# Thanks for the incentive!



## minerva (Apr 12, 2010)

Hi all
I got to thinking the other evening what on earth could I contribute to a forum with so many talented members?
The answer came with an assessment of what I personally had gained from my lurking over the past two years (with the occasional post/comment)
Surprisingly I came to the conclusion that what I had gained most from your individual inputs was the confidence to "have a go".
Over the past two years I have avidly read anything that I thought would subscribe to an improvement in my workshop technique or indeed my workshop equipment, be it modifications to my small 7 x 12 lathe or making the basic tooling found in every-day workshops.
Now I haven't up to now had the foresight to fully document a "build" but attached is a photograph of my new shiny QCTP manufactured on the 7X12 with the addition of a vertical slide. It works a treat and the outlay was just under £10. (Toolpost and 15 holders)
So many thanks to you all for the encouragement . one member even has it written under his avatar "if you don't try it you will never know if you can do it. (thanks Bogs)
Now my new milling machine is to be delivered next Monday and the shenanigans will really begin
so "watch this space" 
Regards
TerryT


----------



## stevehuckss396 (Apr 12, 2010)

Great job on the QCTP. 

Don't be afraid to post anything. Everybody likes the complex builds but the simple wobblers are cool also. As long as it has a few shiny parts, I'll be looking at it.


----------



## zeeprogrammer (Apr 12, 2010)

Fantastic TerryT.
I know what you mean. It's great isn't it?
And great job on the QCTP! Nice!
Be sure and post pics of the mill!


----------



## Troutsqueezer (Apr 12, 2010)

Terry, if you built that ship in your avatar, you should have no trouble with metal! I'll be watching this space. 

-Trout


----------



## minerva (Apr 13, 2010)

Hi guys, Steve,Zee,Trout 
Thanks all for the +ve comments.
As to the avatar trout, it's an ongoing 1:98 project build of HMS Victory, Admiral lord Nelson's flagship. I've been working on her on and off for the past 4 years ever since I found out a ggggrandfather of mine was a shipwright on said ship. As an ex pattern-maker the wood bit holds few mysteries after 65 years practice, which is more than can be said for metal-machining! however as I said before time will tell.
Regards 
Terry


----------



## joe d (Apr 13, 2010)

Terry

A little off-topic as regards machining, but as you are a Victory kind of fellow, check out this 

[ame]http://www.youtube.com/watch?v=L2WdU3Zkeig[/ame] 
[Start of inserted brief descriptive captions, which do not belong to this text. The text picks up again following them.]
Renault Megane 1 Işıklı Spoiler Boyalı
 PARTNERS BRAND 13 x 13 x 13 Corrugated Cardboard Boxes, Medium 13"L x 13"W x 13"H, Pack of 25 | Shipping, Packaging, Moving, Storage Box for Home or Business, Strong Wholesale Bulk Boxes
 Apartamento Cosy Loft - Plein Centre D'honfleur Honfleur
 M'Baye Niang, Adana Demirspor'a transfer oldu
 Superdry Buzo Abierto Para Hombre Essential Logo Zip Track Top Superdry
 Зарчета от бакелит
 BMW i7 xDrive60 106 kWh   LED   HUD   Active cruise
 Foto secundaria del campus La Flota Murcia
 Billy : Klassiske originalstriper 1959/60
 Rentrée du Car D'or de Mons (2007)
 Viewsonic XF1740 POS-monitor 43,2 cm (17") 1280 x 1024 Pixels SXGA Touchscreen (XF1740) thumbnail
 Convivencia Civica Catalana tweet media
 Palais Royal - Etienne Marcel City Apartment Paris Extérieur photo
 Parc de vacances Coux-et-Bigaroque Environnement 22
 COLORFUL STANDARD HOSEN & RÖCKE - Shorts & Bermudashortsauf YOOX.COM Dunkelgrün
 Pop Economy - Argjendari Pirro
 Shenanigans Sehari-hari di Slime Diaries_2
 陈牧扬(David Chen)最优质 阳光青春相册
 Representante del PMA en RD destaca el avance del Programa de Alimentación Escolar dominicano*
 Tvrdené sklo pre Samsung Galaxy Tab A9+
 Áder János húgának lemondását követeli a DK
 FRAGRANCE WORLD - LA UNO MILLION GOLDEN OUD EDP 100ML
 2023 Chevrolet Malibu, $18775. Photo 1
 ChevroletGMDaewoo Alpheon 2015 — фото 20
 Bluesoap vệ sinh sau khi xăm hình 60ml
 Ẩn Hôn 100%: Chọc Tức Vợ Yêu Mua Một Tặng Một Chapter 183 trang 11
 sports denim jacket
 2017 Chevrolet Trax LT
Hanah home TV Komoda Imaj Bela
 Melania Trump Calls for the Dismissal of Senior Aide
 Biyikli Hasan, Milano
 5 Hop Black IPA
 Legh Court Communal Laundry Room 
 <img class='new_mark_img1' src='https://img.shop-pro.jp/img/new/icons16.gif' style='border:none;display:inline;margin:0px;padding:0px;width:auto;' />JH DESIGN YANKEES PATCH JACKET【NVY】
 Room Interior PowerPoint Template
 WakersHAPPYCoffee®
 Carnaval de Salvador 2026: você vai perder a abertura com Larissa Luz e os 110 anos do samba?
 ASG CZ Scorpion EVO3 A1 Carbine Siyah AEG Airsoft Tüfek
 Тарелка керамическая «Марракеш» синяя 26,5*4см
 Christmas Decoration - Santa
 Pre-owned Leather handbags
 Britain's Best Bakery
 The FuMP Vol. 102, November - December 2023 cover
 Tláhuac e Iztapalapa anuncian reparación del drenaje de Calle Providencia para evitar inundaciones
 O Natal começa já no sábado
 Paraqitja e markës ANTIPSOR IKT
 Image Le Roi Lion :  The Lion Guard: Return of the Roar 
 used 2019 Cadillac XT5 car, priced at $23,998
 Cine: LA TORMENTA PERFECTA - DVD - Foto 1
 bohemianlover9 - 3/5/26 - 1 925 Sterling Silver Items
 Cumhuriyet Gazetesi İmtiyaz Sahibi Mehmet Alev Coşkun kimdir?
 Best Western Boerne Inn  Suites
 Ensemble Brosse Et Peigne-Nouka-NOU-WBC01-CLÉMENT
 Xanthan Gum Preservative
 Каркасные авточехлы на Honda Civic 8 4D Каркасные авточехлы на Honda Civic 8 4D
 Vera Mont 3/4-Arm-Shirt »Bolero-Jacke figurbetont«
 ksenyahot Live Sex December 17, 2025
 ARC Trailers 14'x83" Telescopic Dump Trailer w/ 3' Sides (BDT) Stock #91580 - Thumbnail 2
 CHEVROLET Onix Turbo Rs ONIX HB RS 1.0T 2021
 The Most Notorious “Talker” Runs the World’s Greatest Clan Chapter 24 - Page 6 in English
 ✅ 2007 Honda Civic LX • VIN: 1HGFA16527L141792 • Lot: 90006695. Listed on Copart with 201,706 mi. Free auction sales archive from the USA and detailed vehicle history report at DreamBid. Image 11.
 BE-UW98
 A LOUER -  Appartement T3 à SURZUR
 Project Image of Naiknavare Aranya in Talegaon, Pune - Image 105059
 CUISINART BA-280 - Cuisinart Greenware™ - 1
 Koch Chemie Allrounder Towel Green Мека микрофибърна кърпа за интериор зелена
Would have enjoyed being there!

Cheers, Joe


----------



## Philjoe5 (Apr 13, 2010)

That's a slick looking QCTP Terry. Now you're the one giving incentives :bow:.
Thanks for posting the picture.

Cheers,
Phil


----------



## Blogwitch (Apr 13, 2010)

Terry,

So you tried it, and found you could do it.

Very nice toolpost indeed.

Bogs


----------



## minerva (Apr 13, 2010)

Hey Joe, awesome!!
and when you remember the gun crews could reload in something like 90 seconds, what a fearsome foe to be up against?

Phil.
thanks for the plaudits but a long way to go I think 

and John
as mentioned before you must take some of the credit


----------